Anonymous participation means everyone can say what's on their mind, regardless of whether it conforms to consensus and without fear of reprisal. Ideas are evaluated based on their merit, not on artificial criteria like the submitter's rank in the corporate hierarchy.
Asynchronous meeting capability means participants can contribute at a time of their own choosing, making the most of their availability and providing the opportunity to focus on the issue at hand instead of just "phoning it in." It doesn't matter if they are on the road and seldom in the office for meetings, if they work in another time zone, or if they tend to work late and show up with a coffee in each hand around lunch time.
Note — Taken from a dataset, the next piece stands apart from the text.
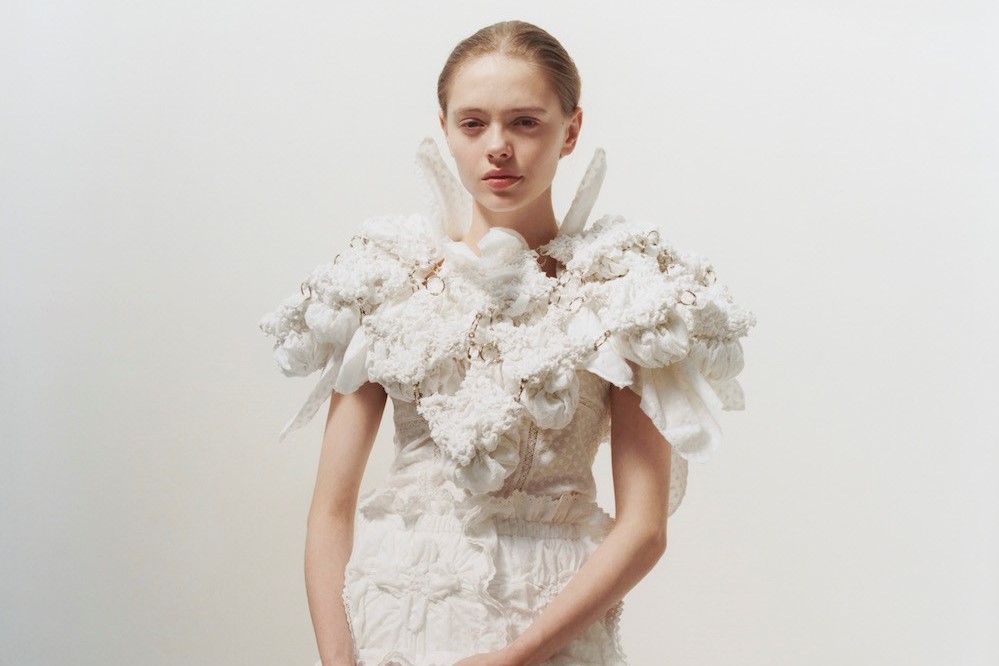 Αγριολούλουδα», η κολεξιόν της Róisín Pierce - ThessPress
Powernoodle provides the platform for everyone to contribute, meaningfully.
The net result is that the huge diversity within an organization is harnessed, to great competitive advantage –- no more Groupthink! At the same time, the use of a virtual platform eliminates barriers to participation and encourages active involvement in the decision making process. This helps to ensure buy-in by employees and commitment to doing their part, while also reducing culture clashes.
A company that turns its diversity into an asset can become virtually unstoppable. Like the Borg, only better.